In the meantime, inflation has started to fall amid the collapse in economic activity and is sure to sink further below the Fed's 2% target level. With beleaguered hotels, airlines and retailers slashing prices, inflation could fall to 1% or less by year's end. That poses another problem for the Fed: Declining prices can eventually lead consumers to delay spending, thereby slowing the economy further.
In response, the Fed has slashed its benchmark interest rate to near zero in two emergency moves and launched an alphabet soup of lending programs — nine in total — to pump cash into financial markets. The central bank has also bought about $1.4 trillion in Treasury securities to ensure that banks can swap Treasurys for cash and keep rates low.
Chairman Jerome Powell isn't expected to announce any major new initiatives when the Fed's meeting ends Wednesday. The central bank may provide more details on its lending programs and may also fill in some specifics about its Treasury-buying program, which is now essentially unlimited.
Economists will also look for any changes the Fed may make to where it stands on interest rates. At its meeting last month the Fed said it will keep rates at near zero “until it is confident that the economy has weathered recent events."
In the past, the Fed has sometimes set a time frame for future rate hikes, and in other cases has set out conditions, such as the unemployment rate falling to a certain level. But few analysts forecast anything specific Wednesday. Economists at Bank of America said they expect the central bank to simply acknowledge that rates will remain ultra-low for “an extended period.”

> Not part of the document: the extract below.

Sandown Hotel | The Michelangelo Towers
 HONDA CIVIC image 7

Powell will also likely face questions about the extraordinary actions the Fed has taken during this crisis, including unleashing lending programs that will directly aid individual cities and businesses, a step beyond its usual assistance to banks and credit markets. These interventions have exposed the central bank to concerns that it will inevitably favor some companies or municipalities over others. The Fed, whose independence is seen as vital to its role in the financial system, has always steered clear of such potentially politicized actions.